**EXERCISE MATERIALS**

BEGIN

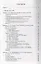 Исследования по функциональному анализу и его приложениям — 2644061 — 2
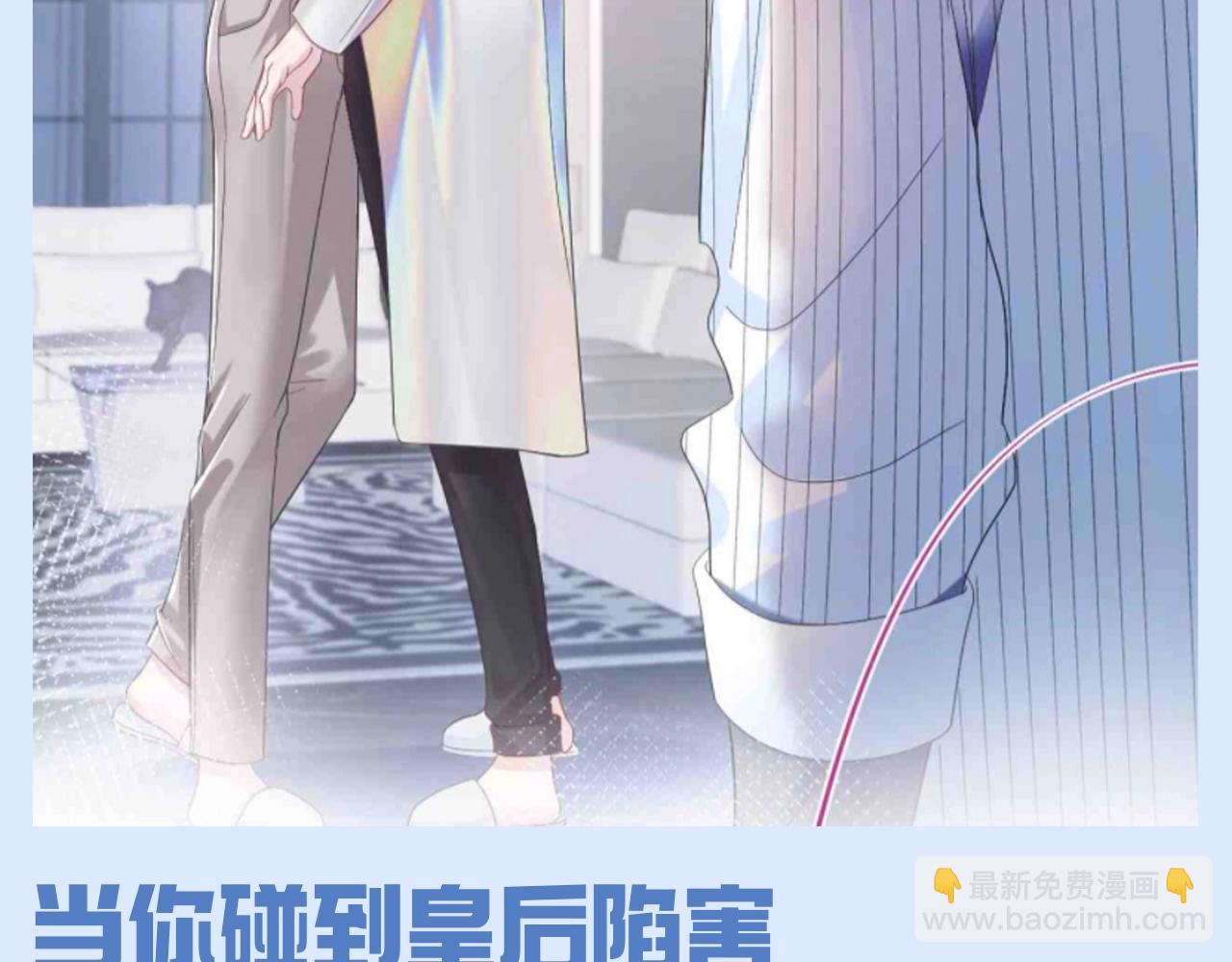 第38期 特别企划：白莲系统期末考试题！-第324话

END
BEGIN

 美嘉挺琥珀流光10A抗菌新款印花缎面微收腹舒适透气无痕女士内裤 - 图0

END
BEGIN

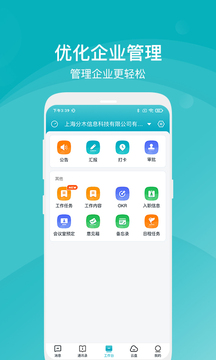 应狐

END

Each line above that falls between the line with "Исследования по функциональному" and the line with "第38期 特别企划：白莲系统期末考试题！-第324话" should be printed exactly, together with those two lines, but the pictures should not.

**RESULT FOR THIS TASK**
 Исследования по функциональному анализу и его приложениям — 2644061 — 2
 第38期 特别企划：白莲系统期末考试题！-第324话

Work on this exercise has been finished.